Task goal: Before returning the data, strip out the pictures and keep everything else exactly the same.

Extracted entries:
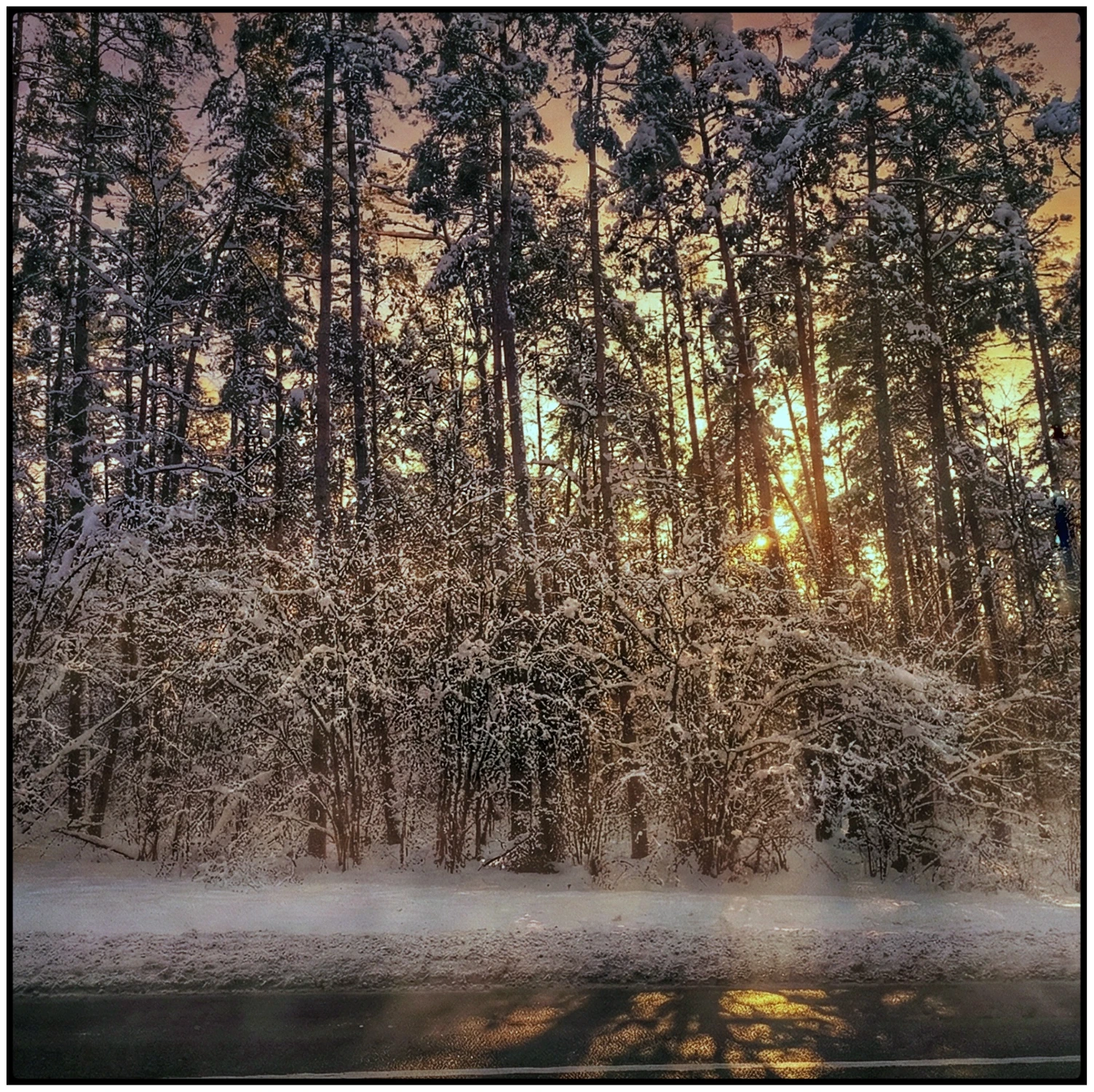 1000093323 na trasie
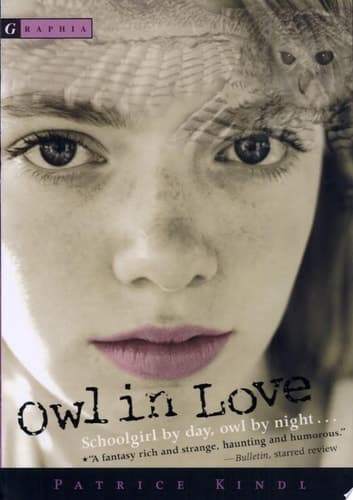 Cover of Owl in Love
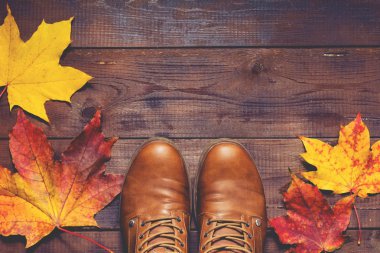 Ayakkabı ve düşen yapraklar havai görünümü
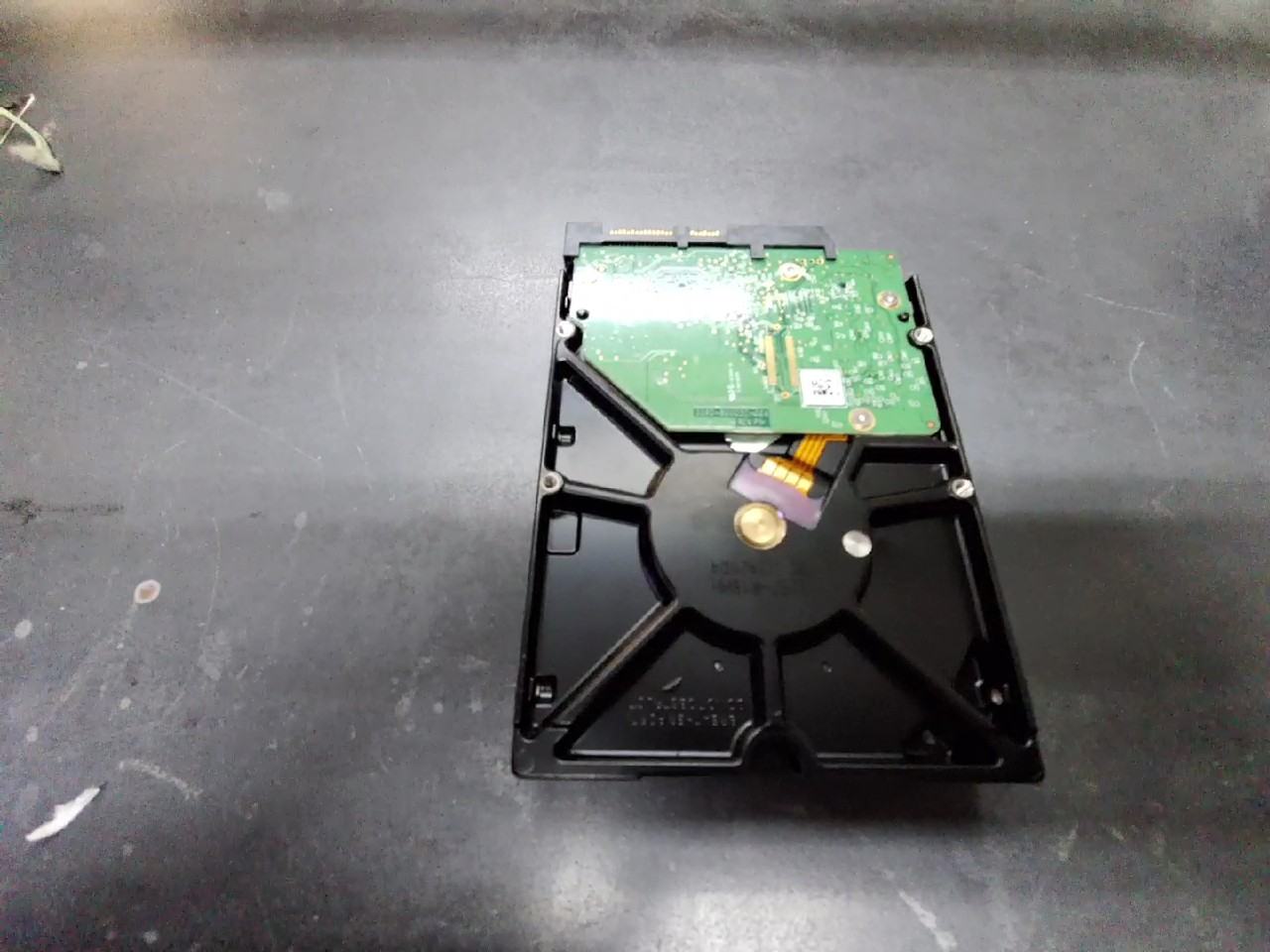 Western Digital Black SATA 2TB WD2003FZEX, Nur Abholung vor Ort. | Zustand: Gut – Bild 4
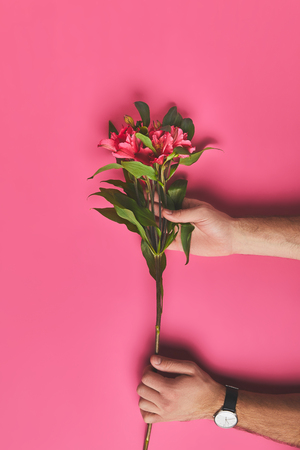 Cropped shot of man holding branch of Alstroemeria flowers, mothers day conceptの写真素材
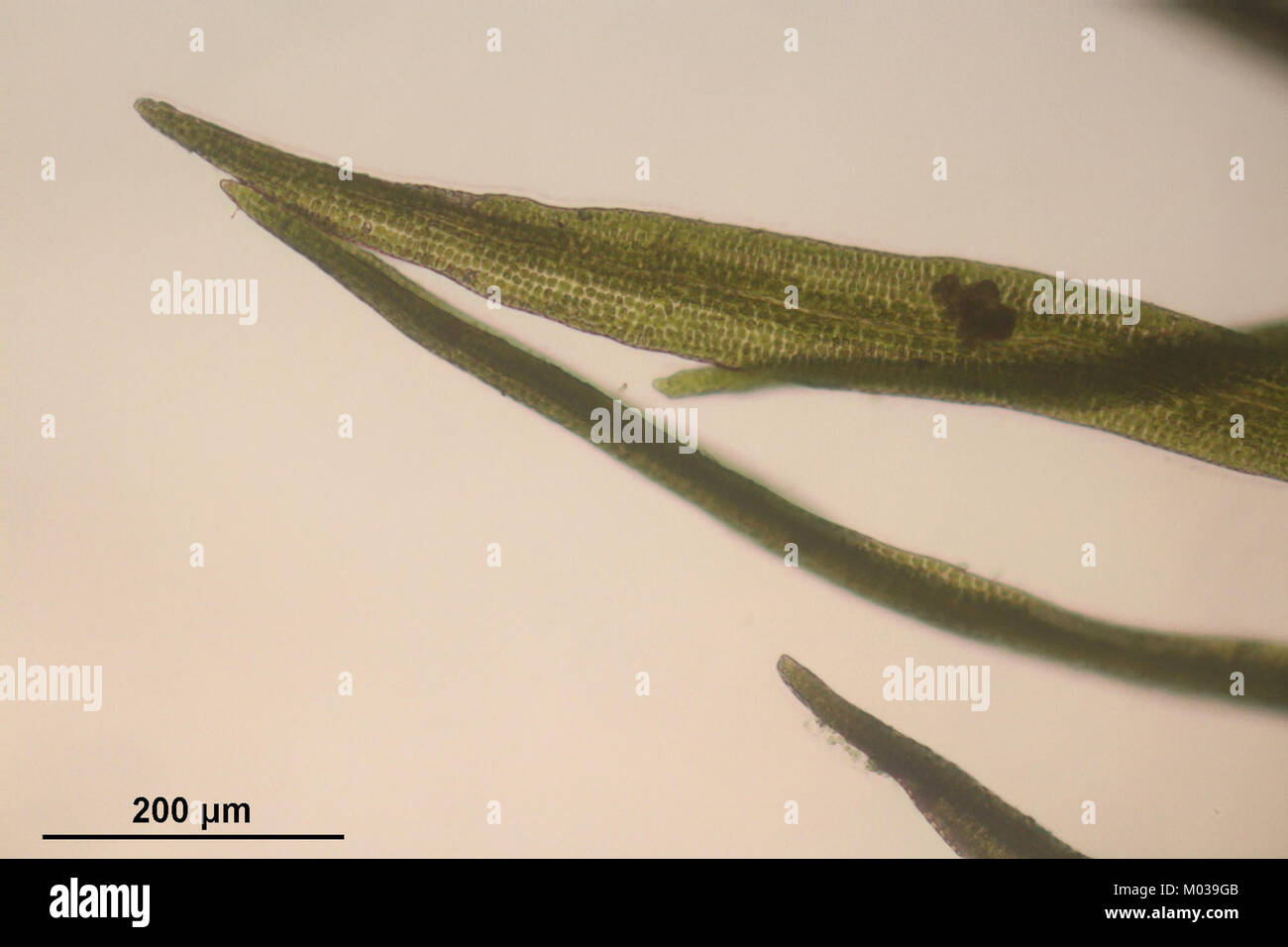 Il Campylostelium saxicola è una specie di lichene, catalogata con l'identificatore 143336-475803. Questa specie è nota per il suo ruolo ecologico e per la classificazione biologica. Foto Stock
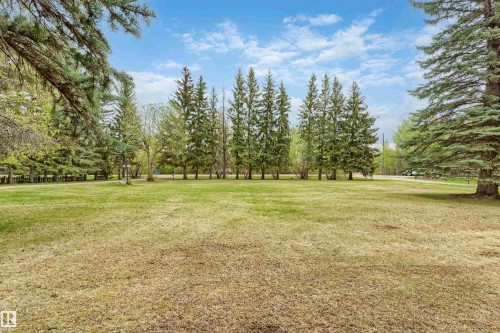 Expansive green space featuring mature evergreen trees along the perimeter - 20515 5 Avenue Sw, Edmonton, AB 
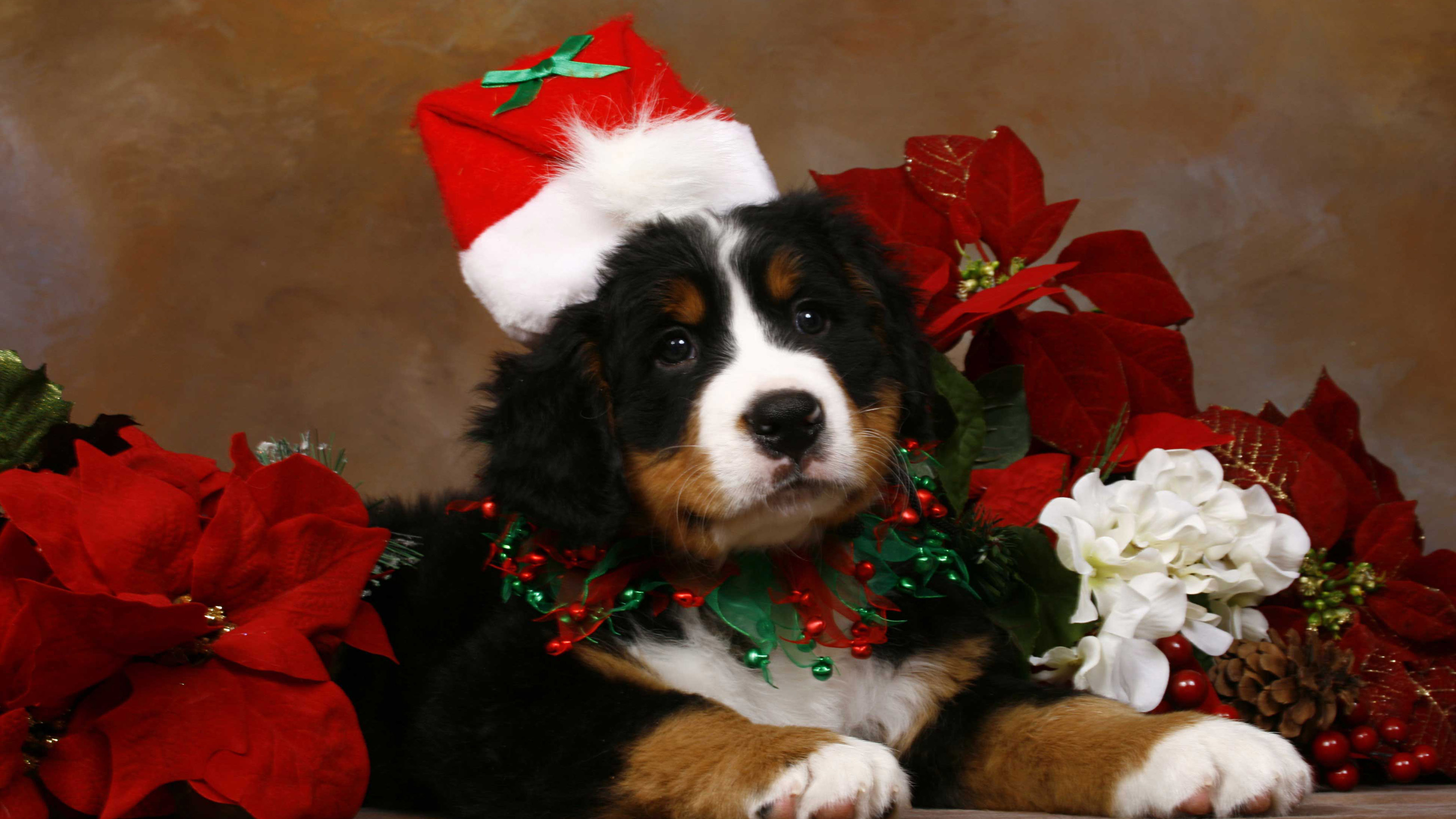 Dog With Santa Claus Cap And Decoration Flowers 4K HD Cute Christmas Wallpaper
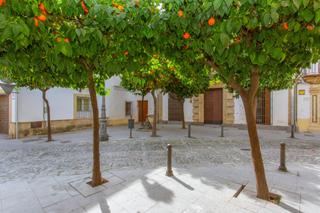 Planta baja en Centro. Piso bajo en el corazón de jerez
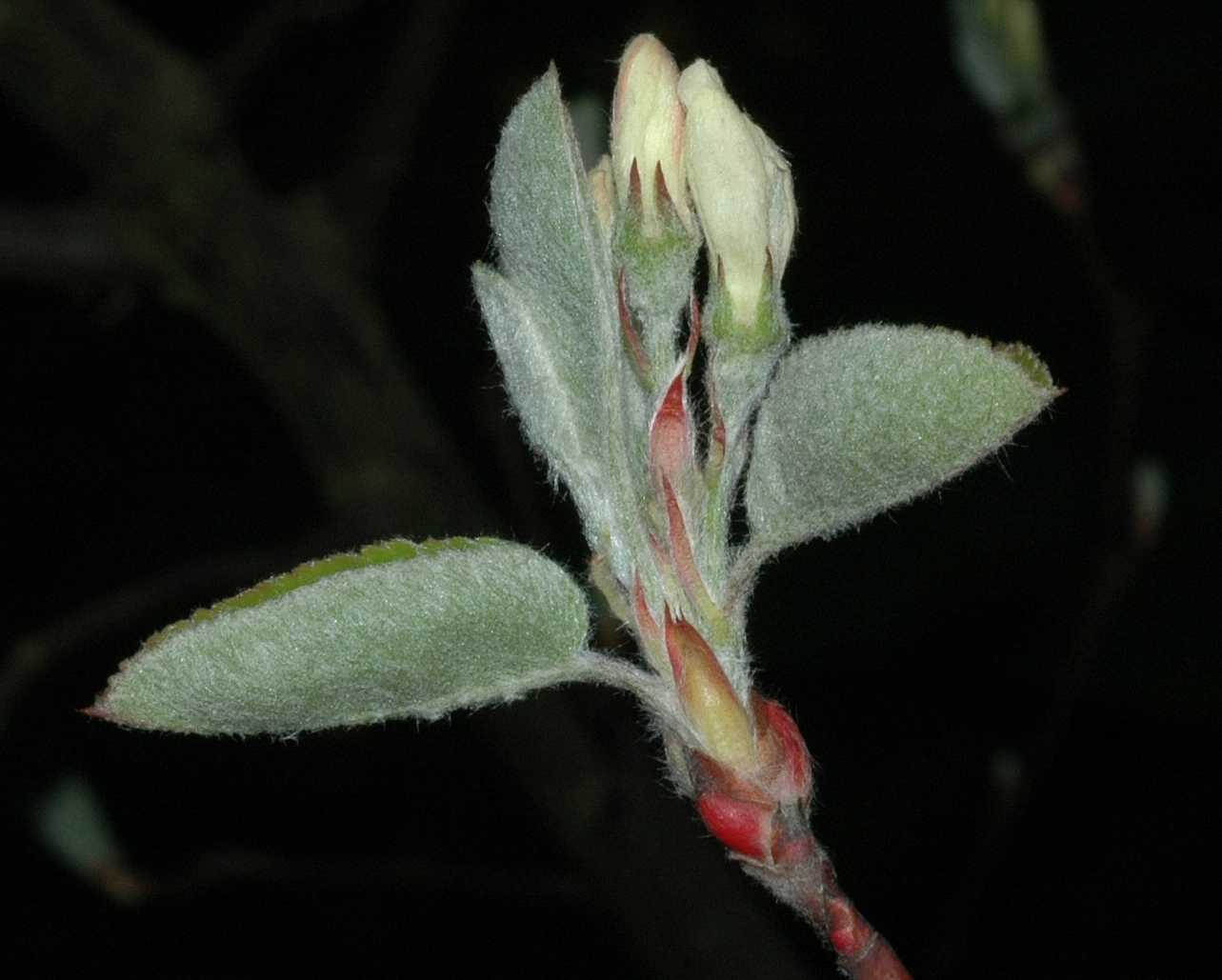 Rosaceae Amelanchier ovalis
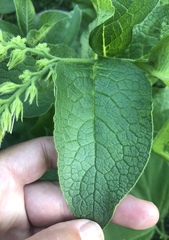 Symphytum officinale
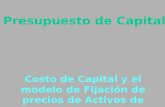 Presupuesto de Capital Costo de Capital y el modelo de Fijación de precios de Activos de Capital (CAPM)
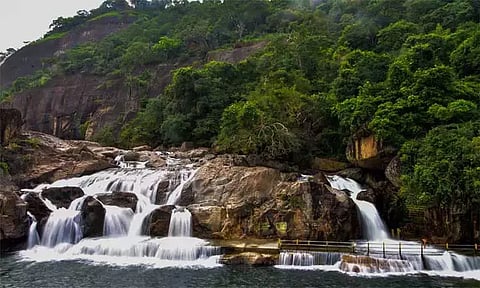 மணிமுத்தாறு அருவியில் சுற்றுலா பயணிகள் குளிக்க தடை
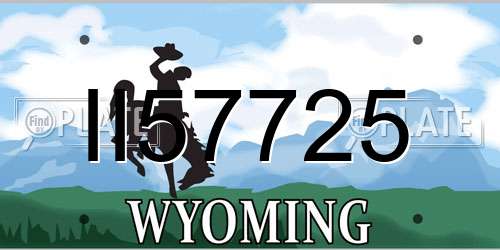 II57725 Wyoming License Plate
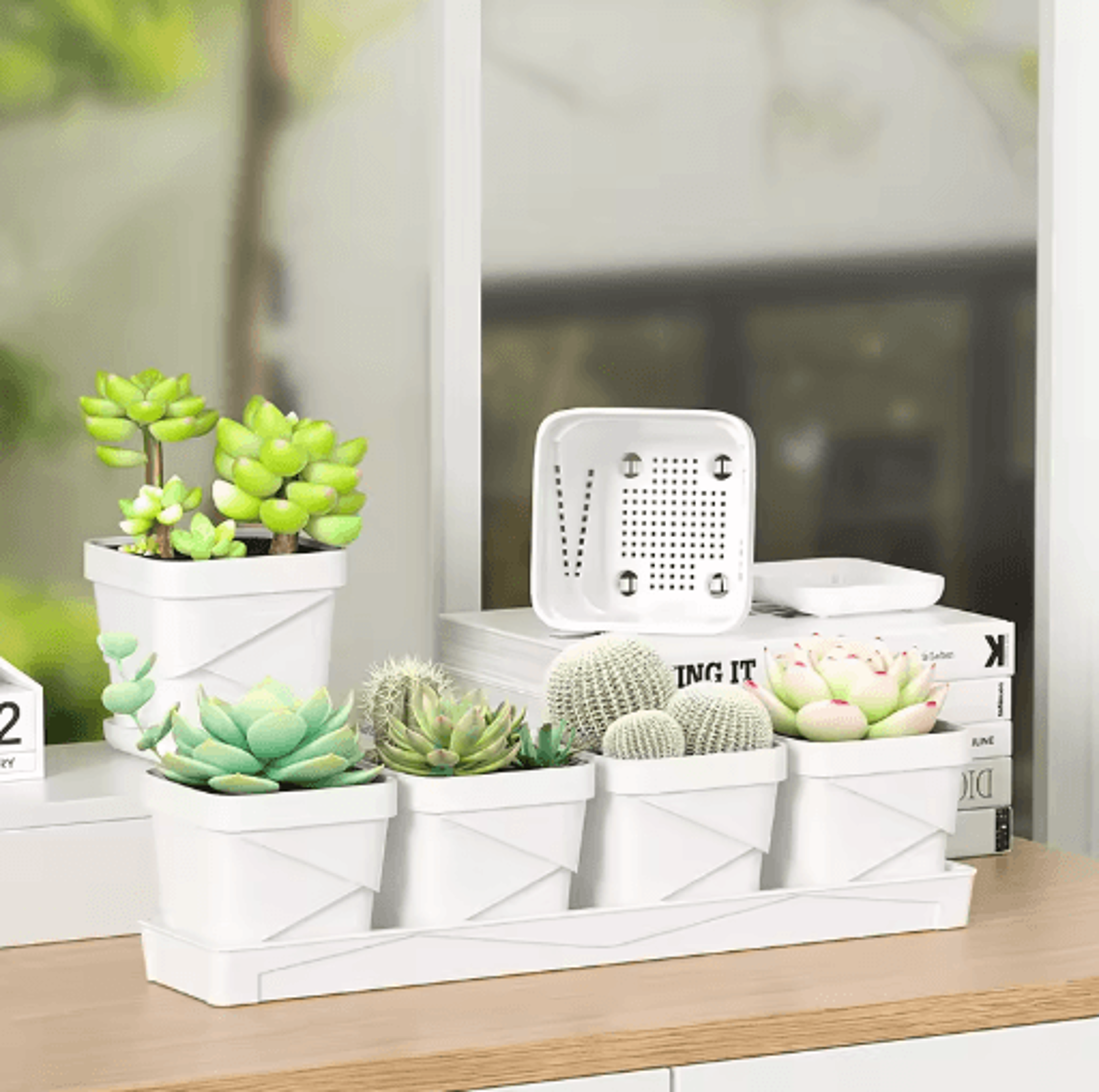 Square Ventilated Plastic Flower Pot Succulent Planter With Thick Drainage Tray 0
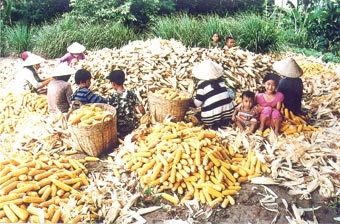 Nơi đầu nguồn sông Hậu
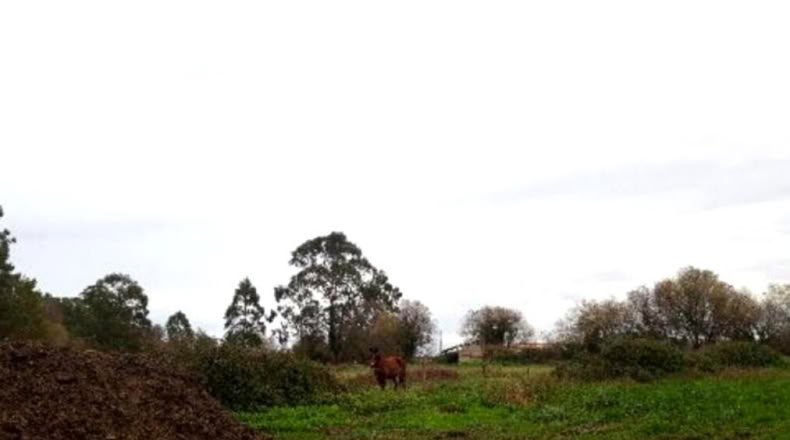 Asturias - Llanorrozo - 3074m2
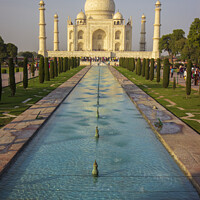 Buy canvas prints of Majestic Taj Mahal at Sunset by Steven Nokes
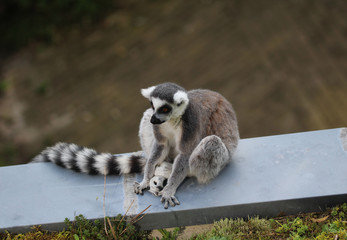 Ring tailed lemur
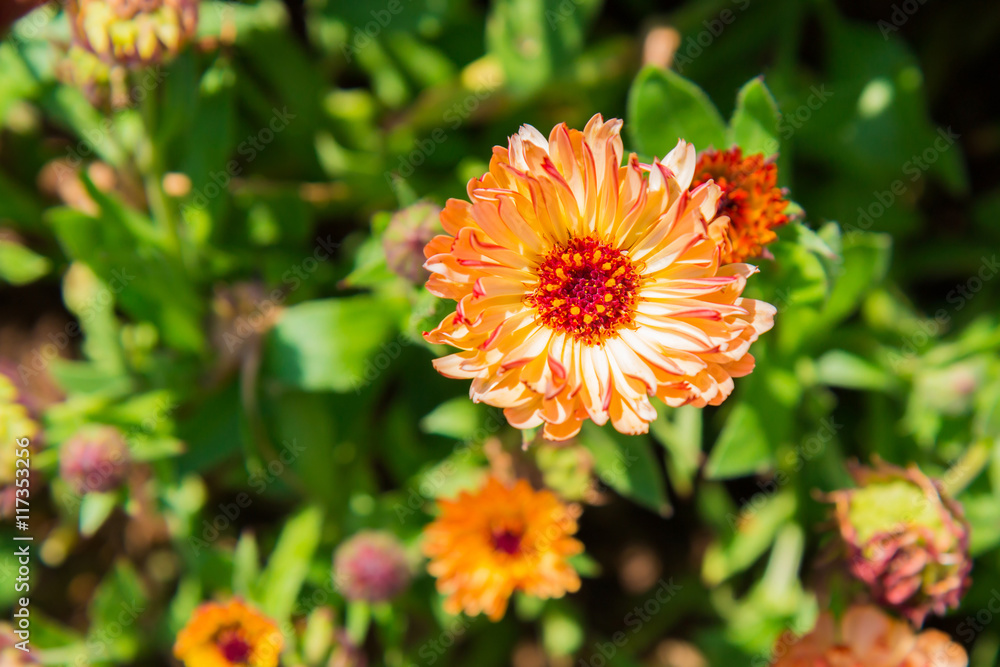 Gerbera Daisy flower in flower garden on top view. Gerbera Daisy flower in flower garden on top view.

Output for this task:
 1000093323 na trasie
 Cover of Owl in Love
 Ayakkabı ve düşen yapraklar havai görünümü
 Western Digital Black SATA 2TB WD2003FZEX, Nur Abholung vor Ort. | Zustand: Gut – Bild 4
 Cropped shot of man holding branch of Alstroemeria flowers, mothers day conceptの写真素材
 Il Campylostelium saxicola è una specie di lichene, catalogata con l'identificatore 143336-475803. Questa specie è nota per il suo ruolo ecologico e per la classificazione biologica. Foto Stock
 Expansive green space featuring mature evergreen trees along the perimeter - 20515 5 Avenue Sw, Edmonton, AB 
 Dog With Santa Claus Cap And Decoration Flowers 4K HD Cute Christmas Wallpaper
 Planta baja en Centro. Piso bajo en el corazón de jerez
 Rosaceae Amelanchier ovalis
 Symphytum officinale
 Presupuesto de Capital Costo de Capital y el modelo de Fijación de precios de Activos de Capital (CAPM)
 மணிமுத்தாறு அருவியில் சுற்றுலா பயணிகள் குளிக்க தடை
 II57725 Wyoming License Plate
 Square Ventilated Plastic Flower Pot Succulent Planter With Thick Drainage Tray 0
 Nơi đầu nguồn sông Hậu
 Asturias - Llanorrozo - 3074m2
 Buy canvas prints of Majestic Taj Mahal at Sunset by Steven Nokes
 Ring tailed lemur
 Gerbera Daisy flower in flower garden on top view. Gerbera Daisy flower in flower garden on top view.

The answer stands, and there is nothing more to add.